Drones et état-policier
« Être anarchiste me donne de l’espoir. Quelle est ma plus grande peur dans la vie ? Je pense que ce serait de mourir en sachant que je n’ai pas assez contribué à ce qui était vrai. Nous savons que tuer quelqu’un est mal. Nous savons qu’aider une personne dans le besoin est bien. Ce sont des fondamentaux, » m’explique Monson en guettant ses élèves du coin de l’oeil. « Pourquoi être anarchiste ? Parce que nous n’avons pas besoin des gouvernements pour faire le travail. Les gouvernements ne font pas le travail, les corporations ne font pas le travail, les banques ne font pas le travail. C’est nous qui nous salissons les mains. Pourquoi les laisserions-nous prendre les décisions ? » Il s’interrompt encore quelques minutes pour faire la démonstration d’une nouvelle amenée au sol, avant de reprendre : « Regarde Obama. Il voulait fermer Guantanamo, il allait mettre fin à la guerre en Irak et en Afghanistan, mais nous y sommes toujours au final. Aujourd’hui, ils parlent de faire voler des drones dans le ciel des États-Unis pour surveiller leur propre population. Nous vivons dans un état policier, c’est vraiment ce que décrivait George Orwell dans 1984. Ça se passe sous nos yeux, c’est surréaliste ! »

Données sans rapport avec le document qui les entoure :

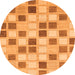 Round Machine Washable Checkered Orange Modern Area Rugs, wshabs1569org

La crise de transformation
L’anarchisme et le militantisme transcontinental pour Jeff Monson, l’art et la musique pour Kenneth Réza Banino, la littérature pour Damien Coudier, la médecine et l’ésotérisme pour Marcos Drake et les arts martiaux pour tous, voilà qui nous propulse loin des clichés véhiculés par les profanes. L’entraînement martial, à la fois physique et mental, semble favoriser une forme particulière d’éveil, un début d’équilibre entre l’ordre et le désordre. Ce que les Grecs anciens nommaient « kalokagathie », la condition de celui qui entretient l’idéal de la conduite personnelle, ou selon l’historien de la philosophie, Werner Jaeger : « l’idéal chevaleresque de la personnalité humaine complète, harmonieuse d’âme et de corps, compétente au combat comme en paroles, dans la chanson comme dans l’action ».
Loin des paillettes du sport-spectacle et des caméras de télévision, une forme de thérapie rebelle, à la fois dure et souple, et un début de réponse à la crise de civilisation qui nous frappe en ce début de siècle charnière.